Clinical Recognition of Acute Coronary Syndromes




Historical Perspective


Angina pectoris literally translates as “strangling in the chest.” William Heberden presented one of the earliest descriptions of angina pectoris in 1768 in a lecture to the Royal College of Physicians. In it, he described the classic symptoms of angina :




This is a disorder of the breast, marked with strong and peculiar symptoms, considerable for the kind of danger belonging to it …. The seat of it, and sense of strangling and anxiety with which it is attended, may make it not improperly called angina pectoris …. Those who are afflicted with it are seized …with a painful and most disagreeable sensation in the breast, which seems as if it would take their life away, if it were to increase or continue …. When a fit of this sort comes on by walking, its duration is very short, as it goes off almost immediately upon stopping. If it comes on in the night, it will last an hour or two.



The clinical syndrome accompanying acute myocardial infarction was described by two Russian physicians, Obrastzov and Strazhesko in 1910, and then by William Herrick in 1912.


In 1937, Sampson and Eliaser and Feil published separate but remarkably similar case series describing a syndrome intermediate between chronic stable angina and acute myocardial infarction, which they termed impending acute coronary occlusion . Sampson and Eliaser wrote that “The character of the premonitory attack of precordial pain observed in these patients … rarely differed from their former pain either in its nature—i.e. squeezing, crushing—or in radiation.
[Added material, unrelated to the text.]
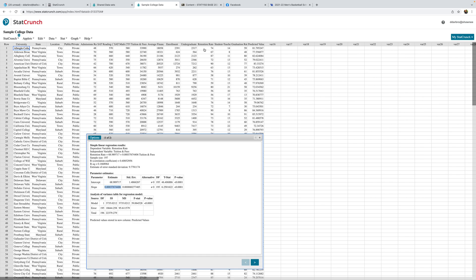The difference between the Y we observe in our data set and the Y that our model predicts has a name — it's called the residual. The residual is the difference between the observed Y and the predicted Y. In notation: residual equals Y minus Y-hat. This comes full circle to the primary goal of constructing a regression equation, which is twofold: to better explain the relationship between X and Y, and to make predictions.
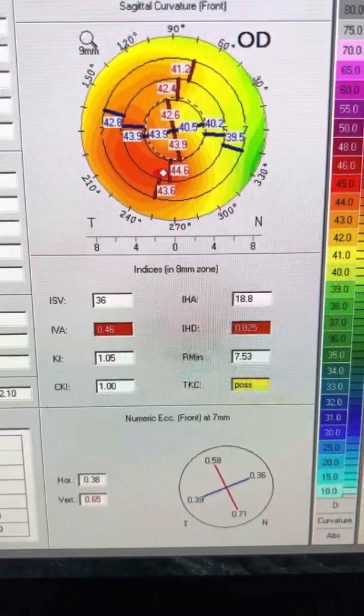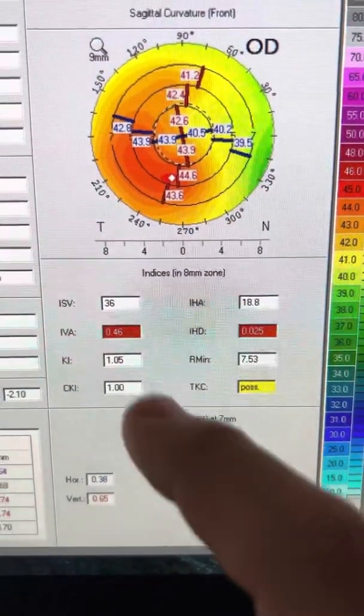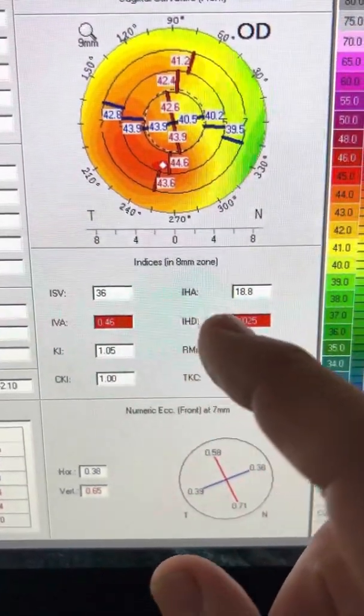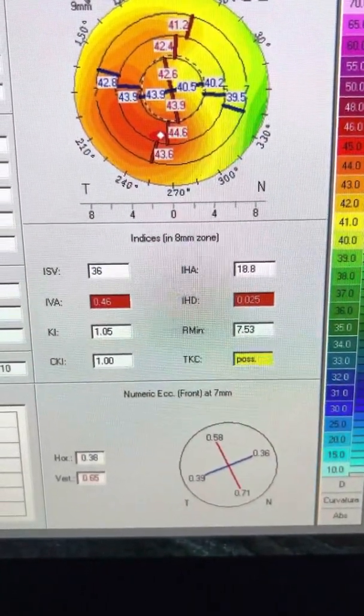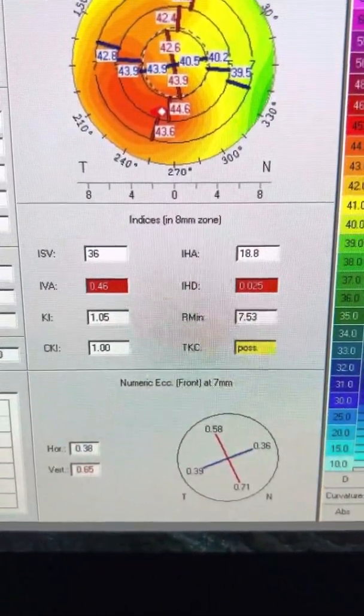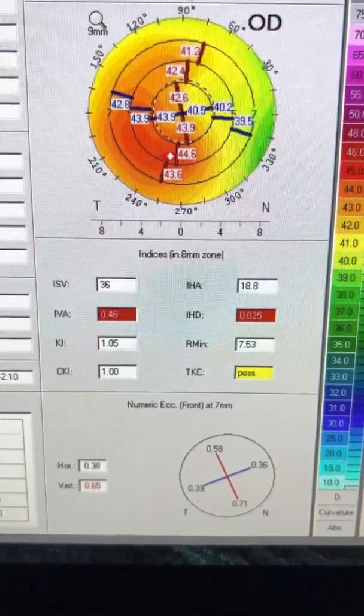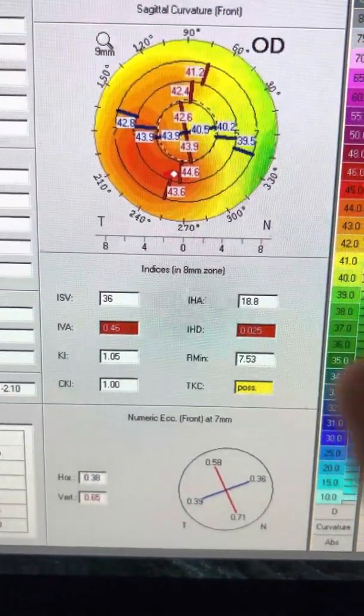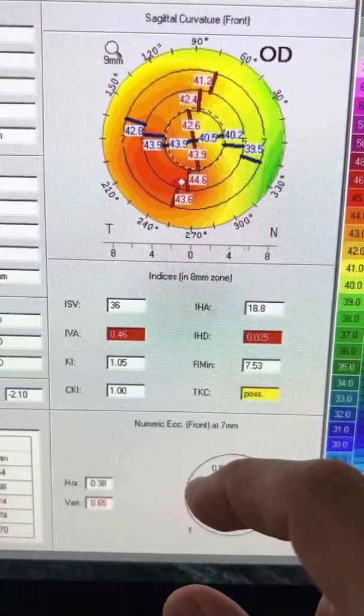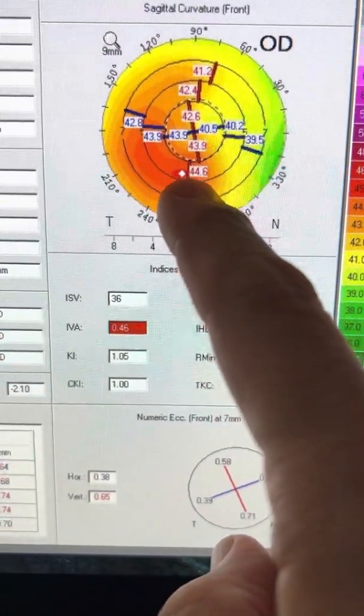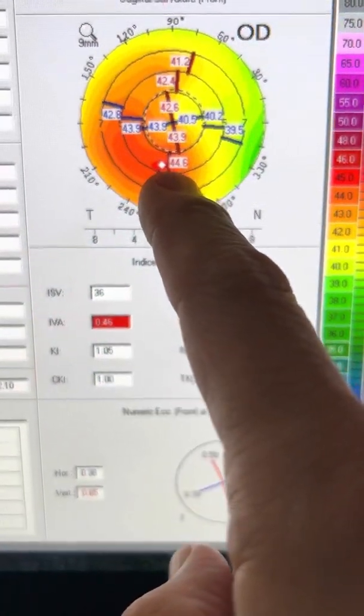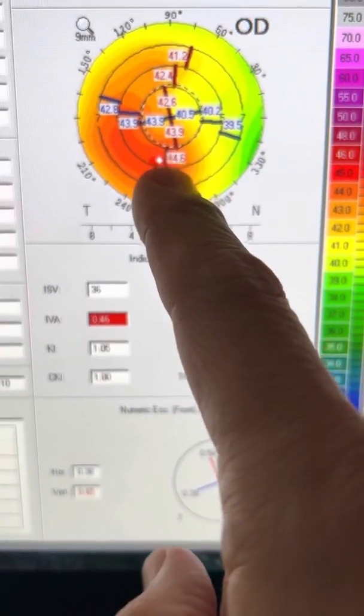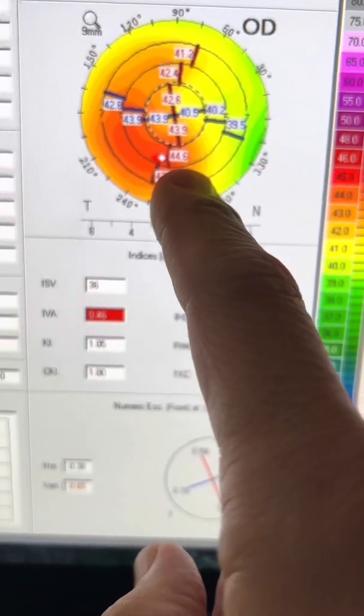And they have changed just a tiny little bit. He, by the way, was born in 92, 30 years old. And we have Pentacams from two years ago. So the steepest part of the cornea has changed just a tad. It was 44.6.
The effect of nitroglycerin on the premonitory attack was definitely transient, with failure of complete relief even on repeated doses ….”


Multiple terms for this syndrome proliferated in the literature, including preinfarction angina , accelerated angina , acute coronary insufficiency , and intermediate coronary syndrome . In 1971, Fowler first used the term unstable angina , which he defined as the




… sudden onset of one or more anginal attacks a day from a previous background of good health or … a dramatic change in the symptomatic pattern of previously recognized coronary disease …. In patients with unstable angina, the attacks, in addition to being more frequent, are also often of longer duration and may occur at rest without an apparent precipitating event …. The electrocardiogram shows no evidence of recent infarction, and such serum enzymes as the glutamic oxaloacetic transaminase or the creatine phosphokinase show no diagnostic alterations.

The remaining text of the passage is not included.